Exercise directions - With the images excluded, set down every line of the listing below exactly.

Source data -
------------------------------------------------------------
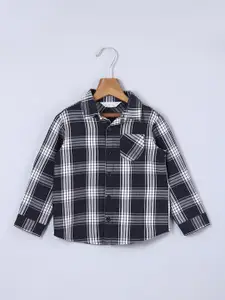 Beebay Boys Black Tartan Checked Casual Shirt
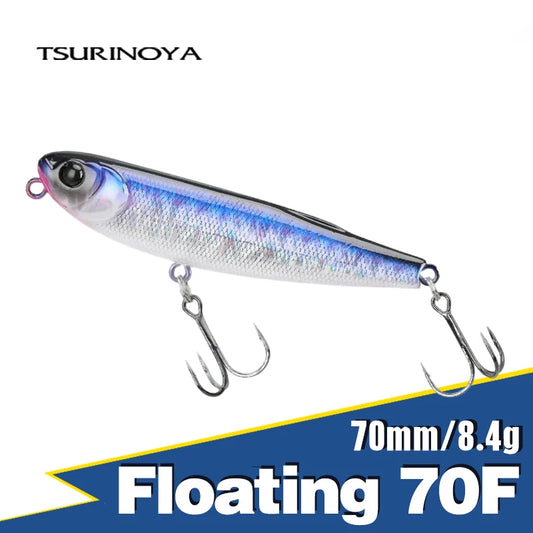 TSURINOYA FLICKER 70F Paviršinis žvejybos masalas Z Dog Plūduriuojantis pieštukas 70mm 8.4g „Chatter“ dirbtiniai kieti masalai upėtakiams, ešeriams, lydekoms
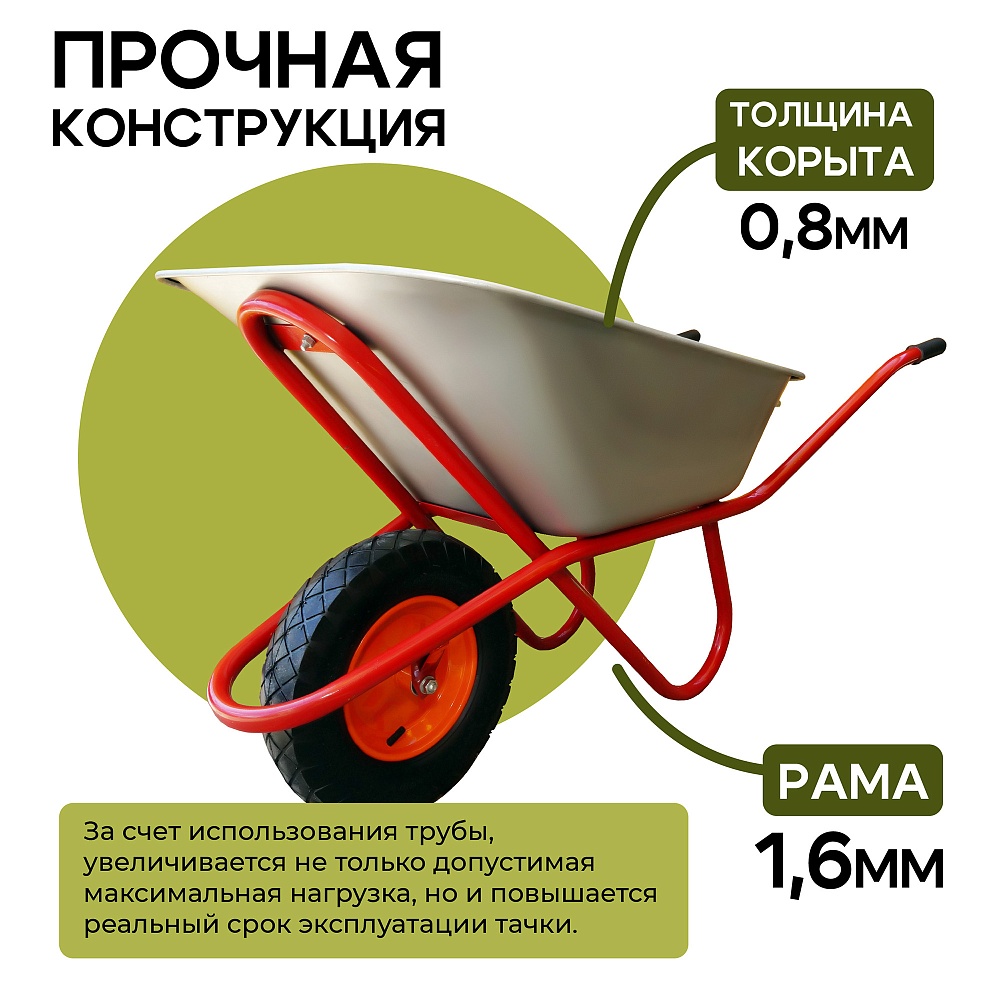 Тачка Промышленник 1-колесная оцинкованная, 110 литров (пневмоколесо) фото 3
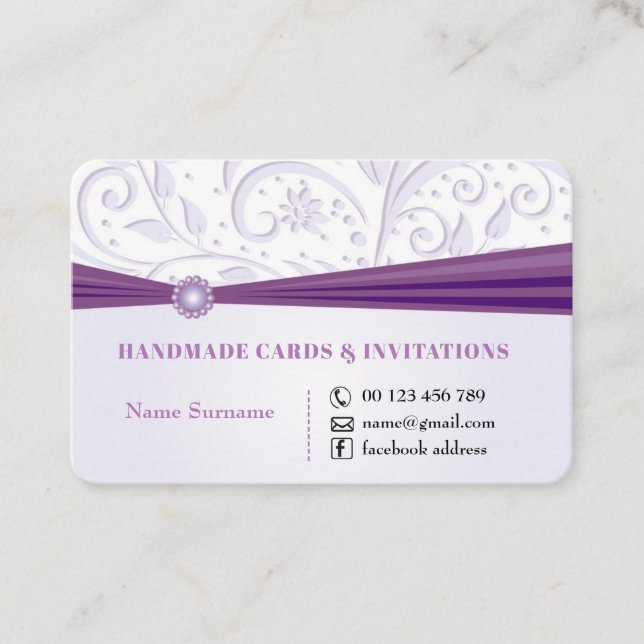 Handgemachtes Handwerk u. Grußkarten Visitenkarte (Vorderseite)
------------------------------------------------------------
Task solution -
 Beebay Boys Black Tartan Checked Casual Shirt
 TSURINOYA FLICKER 70F Paviršinis žvejybos masalas Z Dog Plūduriuojantis pieštukas 70mm 8.4g „Chatter“ dirbtiniai kieti masalai upėtakiams, ešeriams, lydekoms
 Тачка Промышленник 1-колесная оцинкованная, 110 литров (пневмоколесо) фото 3
 Handgemachtes Handwerk u. Grußkarten Visitenkarte (Vorderseite)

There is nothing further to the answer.